Salı, 18 Ocak 2022 17:34

MEDENİYET MÜCADELESİ VE YAŞADIKLARIMIZ

Cumhuriyet kurulduğundan bu yana, Türk-İslam medeniyetinin yok edilmesi için mücadele sürdürülmektedir. Bu millete Osmanlı mirasını terk ve inkâr, yerine batı medeniyeti dayatılmak istenmektedir.

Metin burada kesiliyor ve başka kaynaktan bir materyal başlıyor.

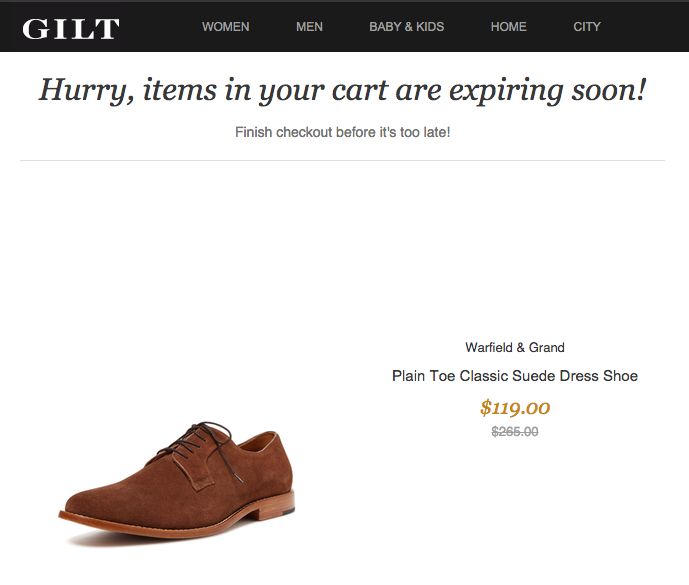 gilt abandonment email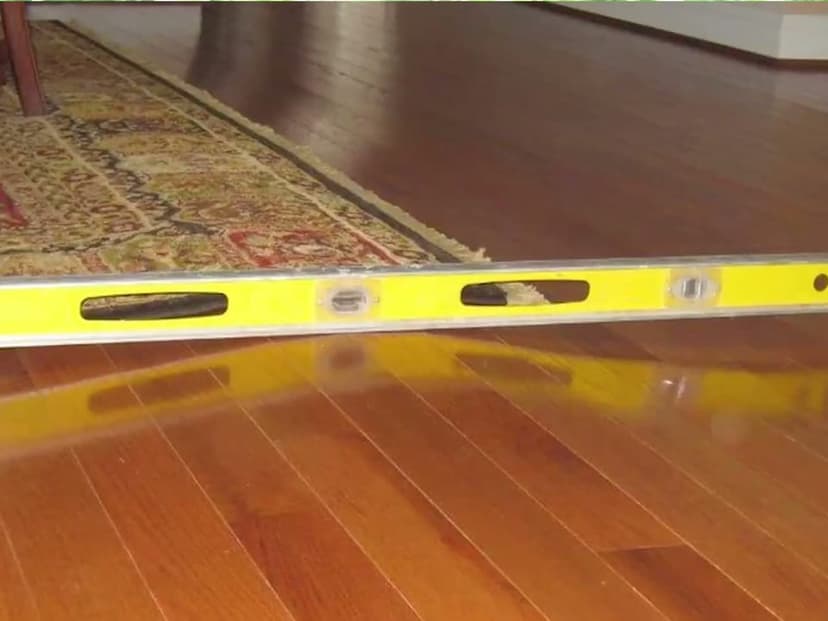A level laid across a wood floor, with a gap under part of it where the floor dips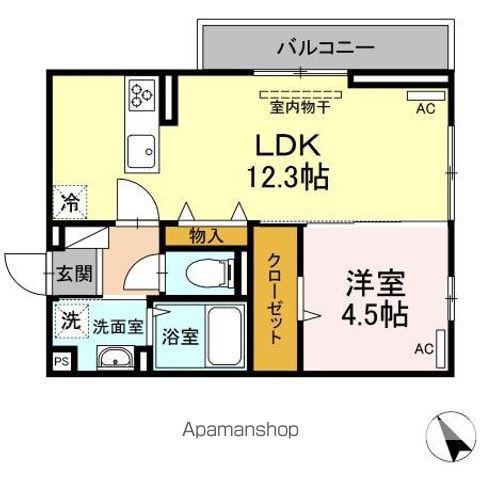 ブランネージュ下松(1LDK/3階)の間取り写真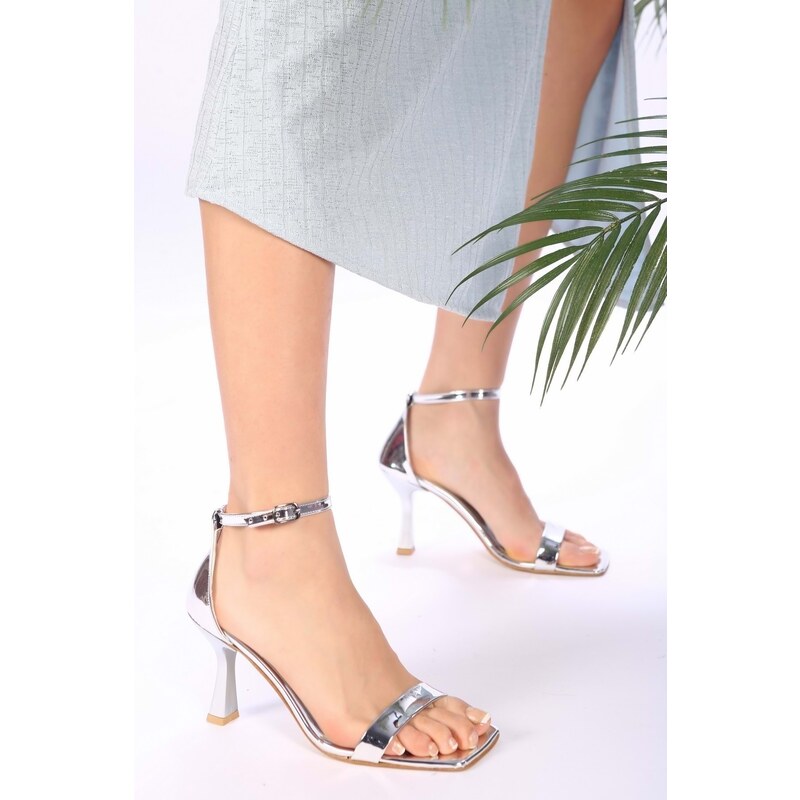 Shoeberry Women's Silver Mirrored Single Strap Heeled Shoes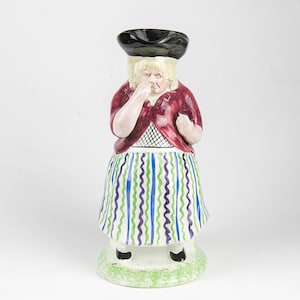 Rare Antique Portobello-type TOBY JUG - Female Snuff Taker - Figural character jug, 1840s Victorian collectible Tobaccciana decor
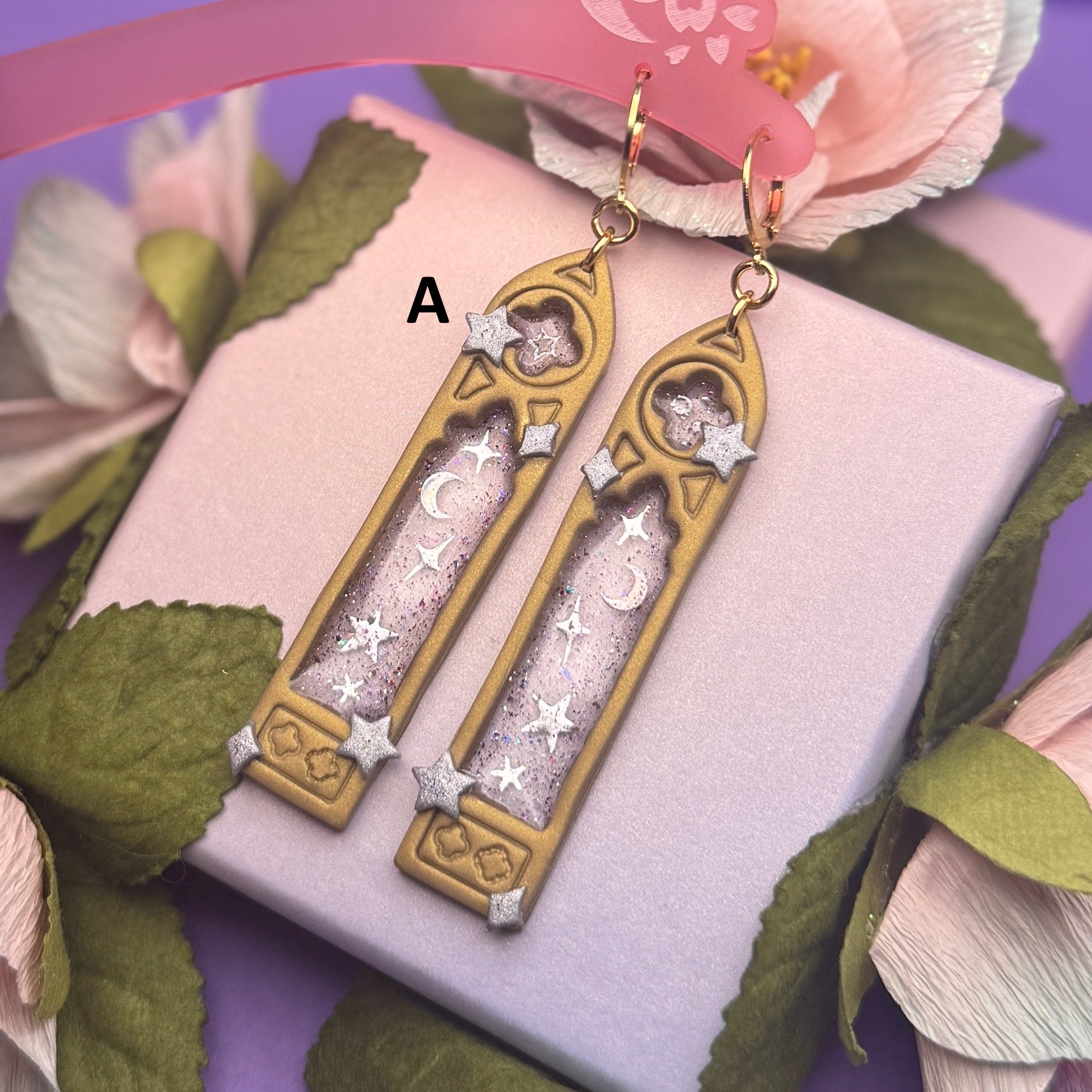 Earrings - Wizard Tower Windows (Gold)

Türk Silahlı Kuvvetlerinde yirmi yılı aşkın görev yapmış bir ferdi olarak, yaşadığım olaylarda bu medeniyet mücadelesinin neresinde olduğumu okuyucularıma bırakıyorum. Yıl 1986 olsa gerek. Amasya Tugay Karargahında İdari Şube Müdürlüğüne vekalet ediyorum. Bir hafta sonu Tug.Kh.ve Kh. Bl. Nöb. Sb.yım. Bütün birlikler içtima alanında toplanmış, Tug. Nöbetçi Amiri tekmil aldıktan sonra akşam sinema salonunda eğlence gecesi olacağını, bilet karşılığı erbaş ve erlerin katılmalarının teşvik edilmesini duyurmuştu. Bu eğlencenin ne demek olduğunu daha önce duymuştum ve etraflıca öğrendim, tüylerim diken diken oldu. Okuyucularımdan özür dileyerek ne olduğunu açıklamalıyım. Erlerin “aç aç” diye adlandırdıkları dışarıdan organizatörler vasıtası ile getirtilen kadınların yarı çıplak olarak mahrem yerlerini açarak erbaş ve erlerin karşılarında oynatılmalarıydı. Tahammül edemedim, kendi bölüğümü bir bölgeye aldım ve onlara özetle; “Para karşılığı kendi bedenlerini ve ayıp yerlerini teşhir edecek bu insanlar, sizin kız kardeşiniz, ablanız, teyzeniz, halanız olsa böyle bir manzaraya tahammül edebilir misiniz, bu bayanlar mutlaka birilerinin akrabasıdır. Kendinize yapılmak istenmeyen bir şeyi bir asker olarak başka birilerine yapılmasını kabul eder misiniz? Biz vatan ve namus için burada bulunmuyor muyuz dedikten sonra, yine de gitmek isteyenler Nöb. Çavuşuna isimlerini yazdırsınlar, ben onları gördükten sonra göndereceğim.” dedim. Bölükten gitmek için müracaat eden olmadı. Mesai başladığında konuyu karargâhta arkadaşlarıma anlattım. Onlardan bir kısmı “gelen kadınların mesleği bu ” demez mi? Hayret ettim. “Bir kadını bu şekilde oynatmayı, siz insan ve kadın haklarının neresine oturtuyorsunuz?” diye sordum. Tabi ki bana hak verenler de vardı. Bir zamanlar yabancı askerler kadınlarımızın başörtüsüne el uzattığında ülkemizde atalarımız kıyama kalkmışlardı, şimdi ise yukarıdaki gibi olaylar onların torunlarının ar damarını çatlatıyordu.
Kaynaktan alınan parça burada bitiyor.